Don't submit videos with music by the big labels. Using creative commons music or music from labels who approve of the free advertising will simultaneously keep you from having your videos taken down and provide more visibility to non-RIAA-label artists, helping to make their cartel useless.
imeem have been doing this for the last few years, and they don't use audible magic, they used the Snocap fingerprint system which apparently was good enough for them to buy Snocap. Their business model has always been built around using the content identification system to make sure the right people get paid for audio played on the site.
imeem is primarily used by people uploading and sharing audio, so using an audio fingerprinting system seems more appropriate than youtube relying on an audio fingerprinter for video content.

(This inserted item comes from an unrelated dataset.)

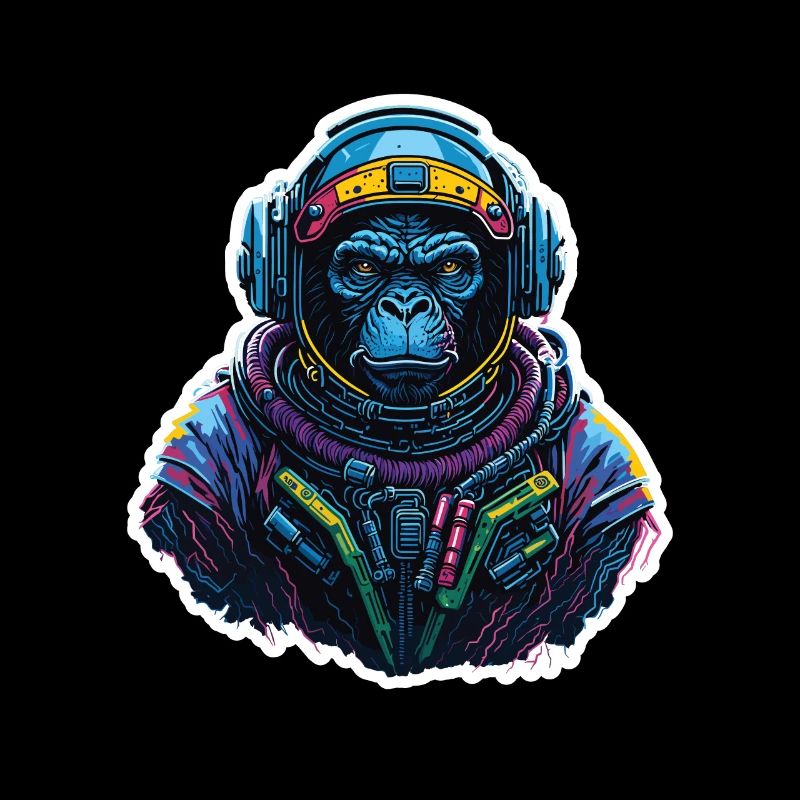 Gorilla Astronaut Neon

If they start using whatever Shazaam uses, we're screwed. In any case I'm sure this is the start of an arms race in which the fingerprinter keeps getting more and more elaborate to counter the effects of people trying to fool it.
Drill baby drill - on Mars
Any use that doesn't result in me getting obsene amounts of money is NOT FAIR!
</RIAA>
People .. stop using youtube and build your own video streaming server.
All you need is 10mbit / 20mbit upload, some space and http://www.longtailvideo.com/players/jw-flv-player/ that can be downloaded here: http://netsky.org/SpcVideo/flvplayer.zip.
I've created my own test server and it does the job better than youtube.
Check here:
http://netsky.org/SpcVideo/sea1.htm
This is a concert i recorded from a TV over a satelite.
If you create your own server then no one will delete your videos. :)
http://foosic.org/ this is the most accurate and reliable fingerprinting algorithm I've used.
But the author had already told us why this was:
IE. the system was designed to identify complete songs. It is a fair assumption that someone producing a pirated music compilation CD will include the entire song, including its first 30 seconds, so only checking the first 30 seconds is a perfectly sound strategy.
It wasn't designed for the YouTube environment, and put bluntly YouTube only want to be seen to be doing something. It's in their interest to get as many views as possible, and music helps! Audible Magic is "industry standard", so they can say that they're doing everything that can be expected of them. Voilà, their backsides are covered and their faces well and truly saved, and they have a show of "good faith" to hold up in any future legal action.
HAL.
Got them moderator blues I blieve I walk out the do', With these mod-points I been gettin', I 'most never post no mo'
you rock. anything to bring back the excitement that was once youtube. fuck wmg.